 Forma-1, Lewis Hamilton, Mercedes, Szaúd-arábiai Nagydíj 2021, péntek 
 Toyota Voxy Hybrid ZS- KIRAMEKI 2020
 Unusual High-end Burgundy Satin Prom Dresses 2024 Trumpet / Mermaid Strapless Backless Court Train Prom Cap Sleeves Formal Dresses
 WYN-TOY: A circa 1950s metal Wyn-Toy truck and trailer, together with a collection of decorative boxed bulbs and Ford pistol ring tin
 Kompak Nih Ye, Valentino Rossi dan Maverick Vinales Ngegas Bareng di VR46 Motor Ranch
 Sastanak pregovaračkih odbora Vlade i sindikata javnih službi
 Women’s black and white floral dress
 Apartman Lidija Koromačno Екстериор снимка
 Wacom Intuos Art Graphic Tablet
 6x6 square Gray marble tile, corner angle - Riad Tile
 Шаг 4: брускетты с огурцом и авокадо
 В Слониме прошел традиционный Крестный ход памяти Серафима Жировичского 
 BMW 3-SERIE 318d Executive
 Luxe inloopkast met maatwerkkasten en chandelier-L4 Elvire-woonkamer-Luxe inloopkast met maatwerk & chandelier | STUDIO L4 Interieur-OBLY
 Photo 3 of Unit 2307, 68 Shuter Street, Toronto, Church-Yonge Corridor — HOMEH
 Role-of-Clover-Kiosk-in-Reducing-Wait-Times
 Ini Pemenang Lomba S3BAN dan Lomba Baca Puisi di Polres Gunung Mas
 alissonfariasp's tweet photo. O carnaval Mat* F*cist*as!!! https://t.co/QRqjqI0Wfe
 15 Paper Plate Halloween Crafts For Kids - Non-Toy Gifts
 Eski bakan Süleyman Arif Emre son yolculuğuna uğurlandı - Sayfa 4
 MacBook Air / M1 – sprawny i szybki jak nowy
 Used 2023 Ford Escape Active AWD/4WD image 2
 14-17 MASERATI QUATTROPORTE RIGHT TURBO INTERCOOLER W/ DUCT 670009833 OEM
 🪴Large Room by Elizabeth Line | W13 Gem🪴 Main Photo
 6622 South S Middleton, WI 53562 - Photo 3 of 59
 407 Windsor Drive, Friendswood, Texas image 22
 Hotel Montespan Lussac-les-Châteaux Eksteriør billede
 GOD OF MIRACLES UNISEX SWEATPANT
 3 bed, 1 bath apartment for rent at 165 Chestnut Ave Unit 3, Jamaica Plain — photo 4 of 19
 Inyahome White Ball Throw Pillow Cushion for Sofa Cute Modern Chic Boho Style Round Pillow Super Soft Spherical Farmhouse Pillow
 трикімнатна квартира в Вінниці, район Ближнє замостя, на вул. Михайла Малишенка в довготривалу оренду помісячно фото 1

____

Directions: Line by line, reproduce the data exactly as given.

The answer:
 Forma-1, Lewis Hamilton, Mercedes, Szaúd-arábiai Nagydíj 2021, péntek 
 Toyota Voxy Hybrid ZS- KIRAMEKI 2020
 Unusual High-end Burgundy Satin Prom Dresses 2024 Trumpet / Mermaid Strapless Backless Court Train Prom Cap Sleeves Formal Dresses
 WYN-TOY: A circa 1950s metal Wyn-Toy truck and trailer, together with a collection of decorative boxed bulbs and Ford pistol ring tin
 Kompak Nih Ye, Valentino Rossi dan Maverick Vinales Ngegas Bareng di VR46 Motor Ranch
 Sastanak pregovaračkih odbora Vlade i sindikata javnih službi
 Women’s black and white floral dress
 Apartman Lidija Koromačno Екстериор снимка
 Wacom Intuos Art Graphic Tablet
 6x6 square Gray marble tile, corner angle - Riad Tile
 Шаг 4: брускетты с огурцом и авокадо
 В Слониме прошел традиционный Крестный ход памяти Серафима Жировичского 
 BMW 3-SERIE 318d Executive
 Luxe inloopkast met maatwerkkasten en chandelier-L4 Elvire-woonkamer-Luxe inloopkast met maatwerk & chandelier | STUDIO L4 Interieur-OBLY
 Photo 3 of Unit 2307, 68 Shuter Street, Toronto, Church-Yonge Corridor — HOMEH
 Role-of-Clover-Kiosk-in-Reducing-Wait-Times
 Ini Pemenang Lomba S3BAN dan Lomba Baca Puisi di Polres Gunung Mas
 alissonfariasp's tweet photo. O carnaval Mat* F*cist*as!!! https://t.co/QRqjqI0Wfe
 15 Paper Plate Halloween Crafts For Kids - Non-Toy Gifts
 Eski bakan Süleyman Arif Emre son yolculuğuna uğurlandı - Sayfa 4
 MacBook Air / M1 – sprawny i szybki jak nowy
 Used 2023 Ford Escape Active AWD/4WD image 2
 14-17 MASERATI QUATTROPORTE RIGHT TURBO INTERCOOLER W/ DUCT 670009833 OEM
 🪴Large Room by Elizabeth Line | W13 Gem🪴 Main Photo
 6622 South S Middleton, WI 53562 - Photo 3 of 59
 407 Windsor Drive, Friendswood, Texas image 22
 Hotel Montespan Lussac-les-Châteaux Eksteriør billede
 GOD OF MIRACLES UNISEX SWEATPANT
 3 bed, 1 bath apartment for rent at 165 Chestnut Ave Unit 3, Jamaica Plain — photo 4 of 19
 Inyahome White Ball Throw Pillow Cushion for Sofa Cute Modern Chic Boho Style Round Pillow Super Soft Spherical Farmhouse Pillow
 трикімнатна квартира в Вінниці, район Ближнє замостя, на вул. Михайла Малишенка в довготривалу оренду помісячно фото 1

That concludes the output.